Podcast: Ep 2 – Nelson Triunfo a história viva do Hip Hop – @agenciabrasil
EPISÓDIO 2: Nelson Triunfo
Sobe som ? Rappers Delight, de Sugarhill Gang
Vinheta: Dos griôs da África para as periferias do mundo: 50 anos de Hip Hop
Sobe som ? “cinco, seis, sete, oito… Sex Machine – James Brown… ahhhhh, joga, joga, joga… ahhh… Valeu… uuuuhhhh…”
Daniel Mello: A conversa que trazemos hoje foi gravada no centro de São Paulo. Claro, com muita música e dança. Aos 69 anos, o dançarino precursor do break no Brasil, Nelson Triunfo, continua mostrando seu swing e exibindo o cabelo black power imponente e esvoaçante, uma marca registrada desde 1983, quando ele e o grupo Original Funk levaram para as ruas de São Paulo a dança que apresentavam em bailes.
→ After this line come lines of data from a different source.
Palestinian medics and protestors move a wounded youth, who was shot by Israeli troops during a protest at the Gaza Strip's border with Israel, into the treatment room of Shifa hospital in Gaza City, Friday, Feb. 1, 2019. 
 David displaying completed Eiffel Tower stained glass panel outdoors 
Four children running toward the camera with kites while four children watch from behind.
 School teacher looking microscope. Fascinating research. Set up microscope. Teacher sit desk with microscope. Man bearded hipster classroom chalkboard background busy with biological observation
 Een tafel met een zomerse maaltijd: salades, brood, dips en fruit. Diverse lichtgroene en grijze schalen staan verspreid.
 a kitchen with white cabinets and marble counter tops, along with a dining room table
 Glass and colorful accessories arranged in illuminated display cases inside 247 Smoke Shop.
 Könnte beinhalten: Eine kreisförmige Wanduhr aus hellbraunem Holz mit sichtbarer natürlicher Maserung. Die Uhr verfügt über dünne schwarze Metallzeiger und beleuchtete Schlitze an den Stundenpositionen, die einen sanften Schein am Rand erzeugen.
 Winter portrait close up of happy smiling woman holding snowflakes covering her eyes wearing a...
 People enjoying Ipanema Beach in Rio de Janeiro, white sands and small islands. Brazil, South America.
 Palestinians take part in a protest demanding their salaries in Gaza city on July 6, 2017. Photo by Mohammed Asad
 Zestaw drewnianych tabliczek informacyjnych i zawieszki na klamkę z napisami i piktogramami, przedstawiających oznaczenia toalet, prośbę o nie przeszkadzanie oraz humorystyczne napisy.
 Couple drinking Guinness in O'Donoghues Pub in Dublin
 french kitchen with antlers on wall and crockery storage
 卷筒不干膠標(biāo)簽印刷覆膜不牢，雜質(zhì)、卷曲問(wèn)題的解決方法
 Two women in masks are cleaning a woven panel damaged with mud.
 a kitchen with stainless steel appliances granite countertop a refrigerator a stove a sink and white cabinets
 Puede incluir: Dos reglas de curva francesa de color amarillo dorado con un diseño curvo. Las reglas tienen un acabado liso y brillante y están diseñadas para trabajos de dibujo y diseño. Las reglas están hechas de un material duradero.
Sobe som ? Funk Brother Soul, Gérson King Combo
“Vou lhe mostrar como se dança o funk brother soul”…
Daniel Mello: Eu sou Daniel Mello, jornalista da Empresa Brasil de Comunicação e você confere o segundo episódio do podcast sobre os 50 anos da cultura Hip Hop no mundo.
Hoje Nelson Triunfo fala sobre os primeiros anos no Brasil até a consolidação do Hip Hop como uma cultura urbana no país, com capacidade de transformação social.
Sobe som ?
Daniel Mello: O Hip Hop, então, ele abre os horizontes da juventude.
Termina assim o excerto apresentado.